I finally got around to implementing this based on your code. I ran it on the following models: DFN CLIP at 378px DINOv2 at 224, 378, 518px RADIOv1 at 378px RADIOv2 at 432, 512, 1024px
Results in subsequent messages.
Looks like GitHub isn't allowing me to upload more. All of the visualizations can be found here: https://drive.google.com/drive/folders/1xsmcT515n78LALV0mm1kA4hGT63zZM12?usp=sharing
I think the visualizations at 1024px are rather fascinating, as it appears as though RADIOv2 switches to "SAM mode" at that resolution, and pays close attention to contours, and object-parts are more clearly encoded.
Amazing visualizations! Thanks for providing these!
Re SAM --- Yes! Under the 1024px, I found the pattern to be exactly the SAM patterns. I visualized SAM at the very beginning of the project, using 518px resolution. Here is what I got at that time:
But we didn't include SAM in our final released codebase and paper because it's not a standard ViT and requires more hacks to the timm
package to make it compatible with other functionalities.

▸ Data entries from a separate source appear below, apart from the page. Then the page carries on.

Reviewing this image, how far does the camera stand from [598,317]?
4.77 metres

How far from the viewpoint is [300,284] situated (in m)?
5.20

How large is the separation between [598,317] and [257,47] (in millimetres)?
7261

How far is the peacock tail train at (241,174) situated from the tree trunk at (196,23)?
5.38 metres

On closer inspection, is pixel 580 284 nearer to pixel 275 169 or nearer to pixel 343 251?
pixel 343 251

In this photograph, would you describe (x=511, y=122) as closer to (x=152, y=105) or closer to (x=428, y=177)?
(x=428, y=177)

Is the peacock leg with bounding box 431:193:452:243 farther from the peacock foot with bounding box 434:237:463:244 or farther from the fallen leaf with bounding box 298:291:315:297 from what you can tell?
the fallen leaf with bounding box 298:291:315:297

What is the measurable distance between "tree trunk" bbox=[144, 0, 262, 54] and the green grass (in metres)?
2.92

RADIOv1 seems to be very noisy and v2 is more cleaner. I will have a detailed look-through in a week. BTW, the PCA visualizations are over-blurred to me. I guess you first upsample the features then do PCA? I think doing PCA at low resolution and upsampling the color map will give you more crisp results.
BTW, the PCA visualizations are over-blurred to me. I guess you first upsample the features then do PCA? I think doing PCA at low resolution and upsampling the color map will give you more crisp results.

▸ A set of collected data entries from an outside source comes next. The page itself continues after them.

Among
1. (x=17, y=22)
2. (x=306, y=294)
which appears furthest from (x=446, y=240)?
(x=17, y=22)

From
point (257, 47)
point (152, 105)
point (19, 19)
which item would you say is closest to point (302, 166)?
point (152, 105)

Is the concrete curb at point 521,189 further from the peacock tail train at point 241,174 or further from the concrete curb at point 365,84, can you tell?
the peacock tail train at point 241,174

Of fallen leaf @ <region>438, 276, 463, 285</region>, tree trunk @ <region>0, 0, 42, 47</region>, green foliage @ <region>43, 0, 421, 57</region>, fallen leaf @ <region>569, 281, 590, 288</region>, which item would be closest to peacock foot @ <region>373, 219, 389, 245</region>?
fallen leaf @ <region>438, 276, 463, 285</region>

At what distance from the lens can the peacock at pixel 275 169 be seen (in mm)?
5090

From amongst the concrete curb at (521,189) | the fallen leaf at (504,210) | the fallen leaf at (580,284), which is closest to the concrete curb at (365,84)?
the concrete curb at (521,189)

So I would take an image, interpolate it to the model resolution (e.g. 378, 432, etc.). From the model, we get $(H/p,W/p)$ spatial features, with $p$ being the patch size, and $H$, $W$ being the interpolated resolution. I then computed the PCA on the $(H/p,W/p)$ maps (e.g. I didn't upsample first). Finally, I upsample the PCA maps back to the input resolution for the model (e.g. upsample by factor $p$).

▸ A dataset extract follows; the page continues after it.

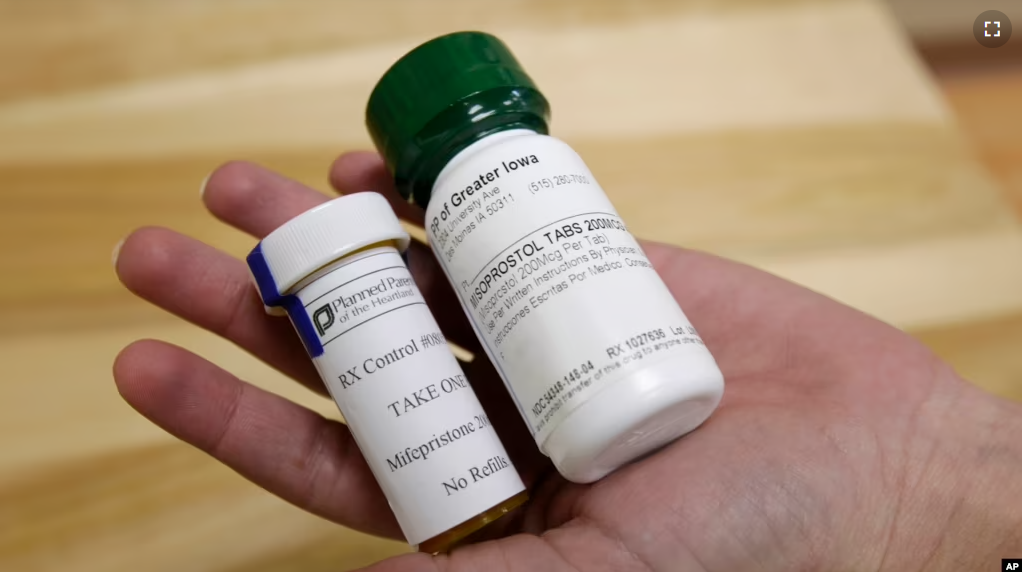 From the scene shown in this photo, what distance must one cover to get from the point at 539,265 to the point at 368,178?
0.21 metres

Is that the process your recommending, or is there a better algorithm?
Ah, then upsampling the color map using nearest interpolation becomes the key? Bilinear interpolation will result in a blurry?
Yep. I suppose so. I'll have to spend some more time with this.
Some more fun with these visualizations. Top-left is the original image, top-right is RADIO's backbone representation, bottom-left is RADIO's SAM head, and bottom-right is SAM.
I'm learning quite a bit through your work (thanks!). In particular, I think RADIOv2 has less noise than the other encoders, however, when looking at images with large regions of roughly uniform color (e.g. the gymnast), the position encoding noise becomes quite apparent. So next up is to get your denoiser working on RADIO to see how much further the output features can be refined.
Hello and thank you for your excellent work!
My group recently released AM-RADIO, and I'd really like to run the same set of experiments to see if distilling from multiple ViTs with different training regimes amplifies, suppresses, or changes the artifacts. So, the first step would be to generate your Figure 1 Original images, and then to explore training the denoiser on top of it.
Could you point me to where/how to run your visualization scripts? I poked around in a couple places and couldn't find the magic command.
Thanks!